> _COLLECTED MATERIAL_:

- Opening Delimiter -

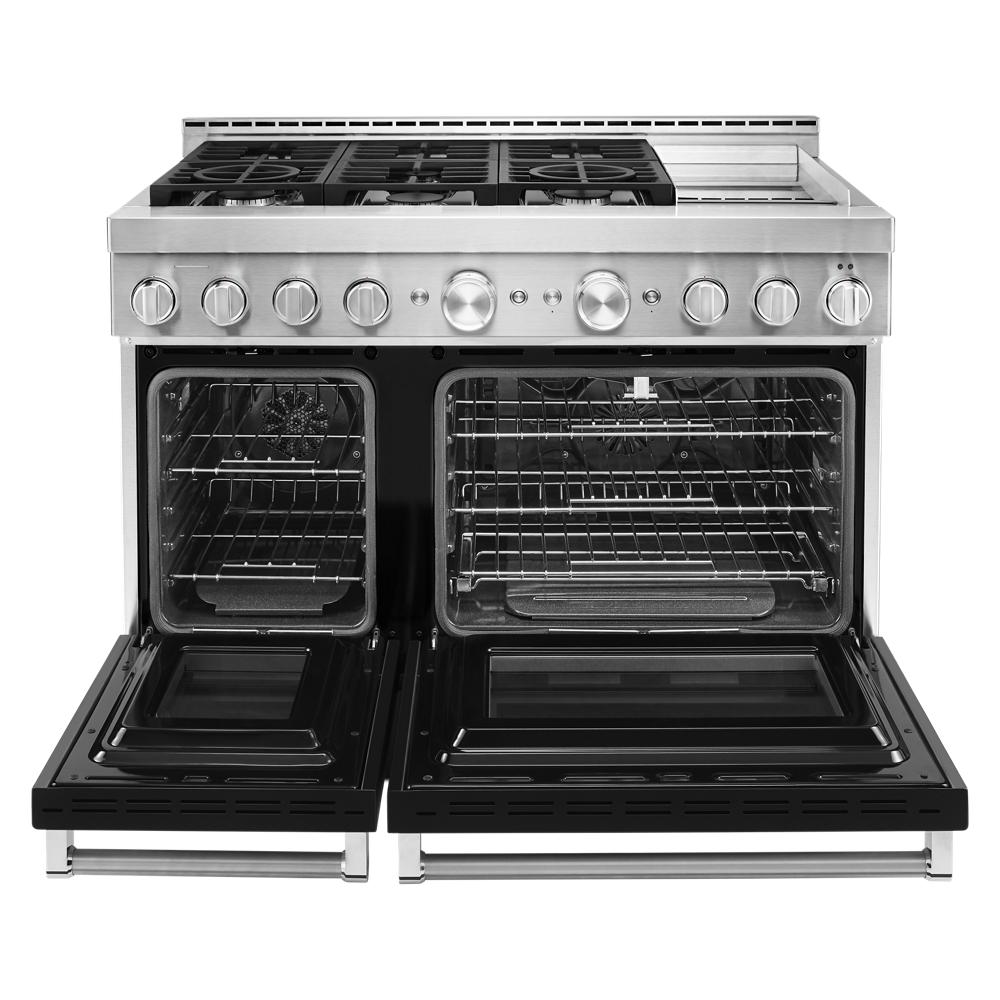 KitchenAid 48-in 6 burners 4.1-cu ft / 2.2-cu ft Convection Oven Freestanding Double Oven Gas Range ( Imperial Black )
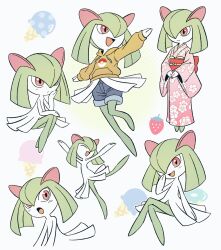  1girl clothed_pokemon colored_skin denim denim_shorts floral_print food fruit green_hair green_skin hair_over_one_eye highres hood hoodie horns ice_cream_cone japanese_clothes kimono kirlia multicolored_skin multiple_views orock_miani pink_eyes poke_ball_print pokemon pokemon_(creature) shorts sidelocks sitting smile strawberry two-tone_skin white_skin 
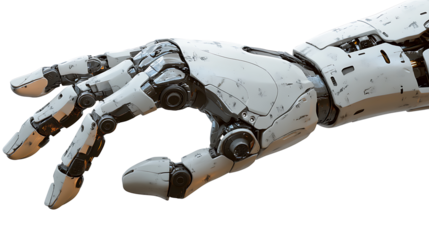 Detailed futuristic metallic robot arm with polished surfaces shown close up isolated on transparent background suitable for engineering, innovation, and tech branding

- Closing Delimiter -

> _EXERCISE_:
Please set down every line of the listing verbatim, excluding its pictures.

> _ANSWER TO THE EXERCISE_:
 KitchenAid 48-in 6 burners 4.1-cu ft / 2.2-cu ft Convection Oven Freestanding Double Oven Gas Range ( Imperial Black )
  1girl clothed_pokemon colored_skin denim denim_shorts floral_print food fruit green_hair green_skin hair_over_one_eye highres hood hoodie horns ice_cream_cone japanese_clothes kimono kirlia multicolored_skin multiple_views orock_miani pink_eyes poke_ball_print pokemon pokemon_(creature) shorts sidelocks sitting smile strawberry two-tone_skin white_skin 
 Detailed futuristic metallic robot arm with polished surfaces shown close up isolated on transparent background suitable for engineering, innovation, and tech branding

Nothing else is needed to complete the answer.